特に注意したいのが、スポーツドリンクなど糖分を多く含む飲料。スポーツの部活動をしているお子さんの場合は、水筒に入れる機会も多いはず。こうしたスポーツドリンクを入れた水筒を洗わずに放置していると、あっという間にカビ菌が繁殖します。
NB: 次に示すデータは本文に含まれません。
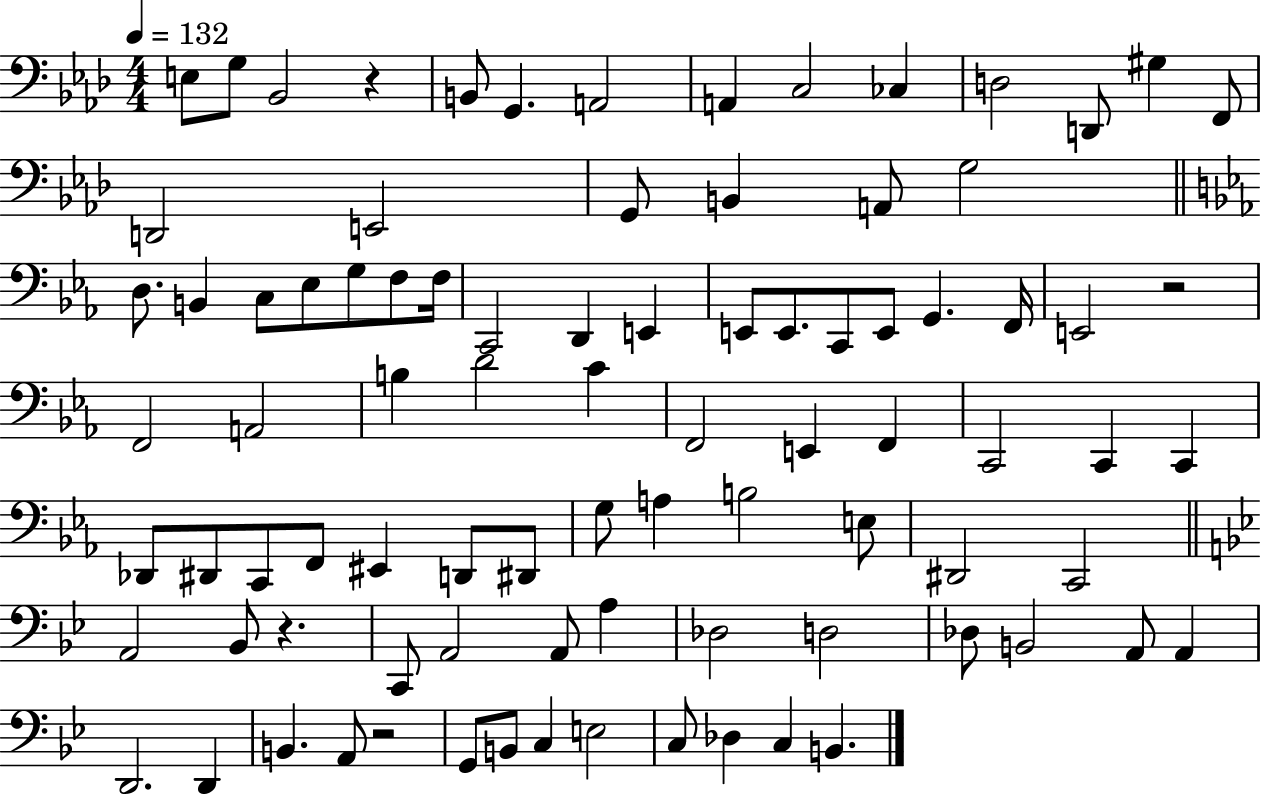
E3/e G3/e Bb2/h R/q B2/e G2/q. A2/h A2/q C3/h CES3/q D3/h D2/e G#3/q F2/e D2/h E2/h G2/e B2/q A2/e G3/h D3/e. B2/q C3/e Eb3/e G3/e F3/e F3/s C2/h D2/q E2/q E2/e E2/e. C2/e E2/e G2/q. F2/s E2/h R/h F2/h A2/h B3/q D4/h C4/q F2/h E2/q F2/q C2/h C2/q C2/q Db2/e D#2/e C2/e F2/e EIS2/q D2/e D#2/e G3/e A3/q B3/h E3/e D#2/h C2/h A2/h Bb2/e R/q. C2/e A2/h A2/e A3/q Db3/h D3/h Db3/e B2/h A2/e A2/q D2/h. D2/q B2/q. A2/e R/h G2/e B2/e C3/q E3/h C3/e Db3/q C3/q B2/q.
水筒の放置は、カビだけでなく、有害な微生物や異臭の発生にもつながります。水筒使用後はその日のうちに、しっかり洗って乾燥させることが大切です。
ふたやパッキンにも注意
注意するべきポイントは水筒の中身だけではありません。ふたやパッキンといった部品にもカビ菌は付着・繁殖しやすいです。
- パッキン:黒カビ
- ふた:赤カビ
水筒に発生することが多いカビは、上記の2つに分類分けできます。黒カビは、黒く根を張るように繁殖。根が素材の奥深くまで伸びてしまうため、そう簡単には除去し切れません。多くの人にとって、カビと言って思いつくことが多いのは黒カビの方ではないでしょうか。
一方、赤カビはヌルヌルとしたピンク色の汚れが特徴的。水回りでよく見受けられる汚れです。赤カビは繁殖力が高い反面、除去が簡単なのが特徴です。とはいえ、カビであることには変わりないため注意は必要です。
《 ポイント 》
- 本体やパッキンにつきやすいのが黒カビ
- ふたに付きやすいのは赤カビ
- 水筒の中身が入ったまま長時間放置しない
万が一、カビを摂取してしまったら?
万が一、水筒内に発生したカビを摂取してしまった場合は、体調不良が引き起こされる可能性があります。症状の有無や体調不良の程度には、個人差があります。
少量であれば問題ない可能性もあります。とはいえ、基本的には誤ってカビを摂取したと気付いたタイミングで、医療機関を受診することをおすすめします。
水筒のカビをキレイに落とす方法
カビが生える原因が分かったところで、ここからはキレイに洗浄する方法をお伝えします。基本的な水筒の洗い方とカビの落とし方。両方をお伝えするので、ぜひご家庭でも試してみて下さい。
基本の洗い方
まずは毎日使える基本的な水筒の洗い方からお伝えします。水筒を毎日きちんと洗浄すれば、厄介なカビも発生しにくくなりますよ!
- ふたを外す
- 中性洗剤をスポンジにつけて洗う
- お湯でサッと洗い流す
- 乾かす
ふたやパッキンは別々に洗うようにしましょう。
本体の洗浄方法は食器を洗うときと、さほど変わらないので簡単です。乾かすときは、水滴を布やキッチンペーパーで拭き取ってあげると湿度が下がり、水滴の跡も残りにくくなります。
《 ポイント 》
- 本体の洗い方は皿を洗うときと同じ
- 水滴は拭き取る
カビの落とし方
どれだけ毎回きちんと洗っていても、保存状況や環境の湿度が原因でカビが生えてしまうことはあります。そのときは、以下のような方法で水筒のカビを洗い落としてください。
- パーツを分解する
- ぬるま湯とお酢を10:1の割合で混ぜる
- 2〜3時間浸す
- 洗い流す
今回はお酢を使った方法をお伝えしましたが、酸素系漂白剤でも代用できます。
塩素系漂白剤の方がカビに対しては効果的ですが漂白作用が強力すぎて、水筒そのものにもダメージが加わる恐れがあります。結果的に早く水筒をダメにしてしまうため、水筒の洗浄には酸素系漂白剤であるオキシクリーンなどを使用しましょう。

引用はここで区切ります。